This is a quarter-scale model of an idea called ‘Revolver’ – a design based on circular motion and continuity, with tubular doors that revolve into the floor, iris headlights, and a chassis that is sideways and circular-driving by means of two joysticks that innovatively interact the speed and direction of the wheels and motion.
As a designer I think my skills are in creating physical forms with attention to detail, and an overall ability to ‘see’ a form with a physical, functional presence. Walking around something, having a mental map of every line, every intersection; feeling and experiencing it. I did my entire final year of Automotive Design without digital modelling; I could sculpt anything in life, with clay, but the interface of the program I was shown was not intuitive, and did not help me to transfer my skills to the digital realm. The construction of 3D models seemed in comparison to be an abstract technical exercise rather than an artistic, physical, feeling one (it’s a shame there isn’t an interface that could have married the two). Because time was of the essence, the only way of producing the physical, working model, with complete interior and exterior, was to work in the way I knew I already had expertise in.

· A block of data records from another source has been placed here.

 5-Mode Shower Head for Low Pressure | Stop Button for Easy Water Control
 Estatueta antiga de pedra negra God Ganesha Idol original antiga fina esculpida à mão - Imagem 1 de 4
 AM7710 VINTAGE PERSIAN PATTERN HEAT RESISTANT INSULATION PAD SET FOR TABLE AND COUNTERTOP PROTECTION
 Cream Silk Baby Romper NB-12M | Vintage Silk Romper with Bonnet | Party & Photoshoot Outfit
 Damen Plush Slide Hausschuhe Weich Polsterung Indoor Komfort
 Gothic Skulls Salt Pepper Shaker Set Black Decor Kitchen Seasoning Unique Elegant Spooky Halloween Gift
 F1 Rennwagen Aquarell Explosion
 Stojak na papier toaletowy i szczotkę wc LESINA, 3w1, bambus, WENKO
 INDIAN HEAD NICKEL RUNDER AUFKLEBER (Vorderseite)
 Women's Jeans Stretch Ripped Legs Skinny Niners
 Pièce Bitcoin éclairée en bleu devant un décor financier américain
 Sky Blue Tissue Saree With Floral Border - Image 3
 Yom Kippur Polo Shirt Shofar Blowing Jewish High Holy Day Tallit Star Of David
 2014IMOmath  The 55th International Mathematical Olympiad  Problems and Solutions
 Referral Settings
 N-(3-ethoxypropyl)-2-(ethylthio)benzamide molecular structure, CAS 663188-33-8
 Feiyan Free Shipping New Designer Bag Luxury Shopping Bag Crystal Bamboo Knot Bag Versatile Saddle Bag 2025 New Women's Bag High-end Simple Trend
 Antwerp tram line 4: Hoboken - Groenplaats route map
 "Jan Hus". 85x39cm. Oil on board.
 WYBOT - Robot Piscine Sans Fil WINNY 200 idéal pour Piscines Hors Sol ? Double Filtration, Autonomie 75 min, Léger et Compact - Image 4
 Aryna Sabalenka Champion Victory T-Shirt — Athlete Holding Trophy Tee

First, I sketched out a plan and profile, with accurate packaging. That allows me to ‘see’ the design in my minds eye. I let ideas evolve, but I rarely move into 3D without knowing where lines are going to go. I did not do a pile of sexy marker renderings with 25 inch wheels, zero ground clearance and windows only a cockroach could see out of! Instead, I modelled it in cardboard. I then produced a more accurate technical package, quarter scale, and sculpted the quarter scale clay. This was finished and cast in fibreglass extremely quickly, as the greater part of the work was finishing and fitting out the inside, and working out the mechanisms for the sliding door etc.
The final exterior finish is another instance of designing an item to ‘age’ and look better old than new (see my pilot project for this concept here), and therefore resembled slightly dirty brushed stainless steel. Several processes went into creating a finish that, next to the real stainless steel of the doors, looked like the same material.
The model is very much a concept car – I suppose I see only the faults and where the design needs development (so much of it was unfinished or only hinted at) but I did achieve one of the few display models that had a realistic ground clearance, real-world wheel sizes, and interior head clearance. You can’t cheat a model that has a complete working interior (something rarely done). It had sliding and tilting seats, and working lights; the only thing that it didn’t do was drive. It was awarded Best Physical Model in show.
The next stage I’d move into if I were to develop this design is digital modelling. I slightly hesitate to use the term ‘CAD’ (‘Computer Aided Design’) – I can see how ‘designer’ has been conflated with ‘digital modeller’ in industry, but it does neglect the value of design as creative art and thought process. Design skill itself is one of those things you might describe in terms of the larger percentage of the process being in the mind; the physical part is a matter of communication. It is only in relatively recent history (only the last few decades, in fact) that computers have aided us in speeding up prototyping and manufacture. A great deal of extraordinary design has been imagined and created over the centuries, not once requiring additional skills that do not relate to the ability to think conceptually; to think differently, to resolve problems creatively and to be able to convey visually and accurately ideas, such that engineers and machinery specialists can help develop them. I enjoy designing cars (coming from a social and psychological interest in freedom, physical autonomy and automotive ‘companionship’) but, in an industry mostly interested in quick and efficient turnover, and whilst innovations do trickle through, if anything revolutionary exists in terms of pure design it most likely resides in the minds of individuals or teams with complimentry skills and a priority for creating something that has genuine value and authenticity.